9 Comments on “Tuesday Reads: Politics Free Zone”

  1. Sweet Sue says:

    If any of those frescoes need further repair, I know a Spanish lady who works cheap.

  2. bostonboomer says:

    Josh Marshall on Trump’s threats to use attacks on Bill Clinton to hurt Hillary.

    Please Proceed, Plutocrat.

    Donald Trump is saying that he will make Bill Clinton’s past infidelities and misbehavior a campaign issue (“fair game”) against Hillary Clinton. At the risk of stating the obvious, this is a tactic that may work great for Trump in a Republican primary – particularly with the people who make up Trump’s core constituency. But in a general election, with an electorate not driven by the things that drive Trump supporters, having a thrice married, philandering blowhard like Trump trying to beat up on a woman over her husband’s philandering, about which she is if anything the victim rather than the perpetrator, is almost comically self-destructive on Trump’s part.
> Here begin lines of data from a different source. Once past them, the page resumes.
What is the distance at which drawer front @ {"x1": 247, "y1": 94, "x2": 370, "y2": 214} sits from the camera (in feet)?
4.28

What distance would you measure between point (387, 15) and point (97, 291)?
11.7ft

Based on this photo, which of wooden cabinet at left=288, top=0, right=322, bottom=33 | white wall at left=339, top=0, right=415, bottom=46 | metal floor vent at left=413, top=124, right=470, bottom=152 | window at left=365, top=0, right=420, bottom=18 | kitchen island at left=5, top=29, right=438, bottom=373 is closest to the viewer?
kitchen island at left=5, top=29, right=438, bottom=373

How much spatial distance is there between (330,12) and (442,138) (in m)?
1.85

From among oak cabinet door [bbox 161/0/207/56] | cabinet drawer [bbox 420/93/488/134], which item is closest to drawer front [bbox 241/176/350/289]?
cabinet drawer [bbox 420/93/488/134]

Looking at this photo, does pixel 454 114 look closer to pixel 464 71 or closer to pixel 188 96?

    To put it in the sales language Trump seems most readily to understand, there’s one product you can sell to agitated and conservative middle aged white men and quite another you can sell to … well, everyone else.

    • NW Luna says:

      Oh, riiiiiiight, like Trump’s really going to be effective at this. Bwhahaha! Hey Donald, did you take a look at what Bill’s favorability rating was when he left office?

  3. bostonboomer says:

    Judge holds Trump accountable for fake college he started.

    http://crooksandliars.com/2015/12/judge-holds-trump-liable-unlicensed-trump

  4. NW Luna says:

    Study links college football game days to increase in rape reports

    The study, which examined the relationship between campus party culture and sexual assault, found “robust evidence” linking Division 1 football games to a 28% rise in reports of rape occurring the same day. ….

    But the findings, are also likely to fuel an ongoing debate over whether “jock culture” is feeding a campus rape epidemic.

    Ya think? /s

  5. The frescoes are lovely…I think Sweet Sue’s comment is hilarious.

  6. dakinikat says:

    Thanks so much for this! I feel better today so I can finally concentrate on reading and my voice is improving. I loved Tolkien. I discovered The Hobbit in 4th grade and waited patiently through Jr. High as each of the trilogy books came out. I was a student librarian and snapped them up the minut they hit our desk. The Pompeii restoration is great! I’m currently fascinated by new leads on the lost colony of Roanoke!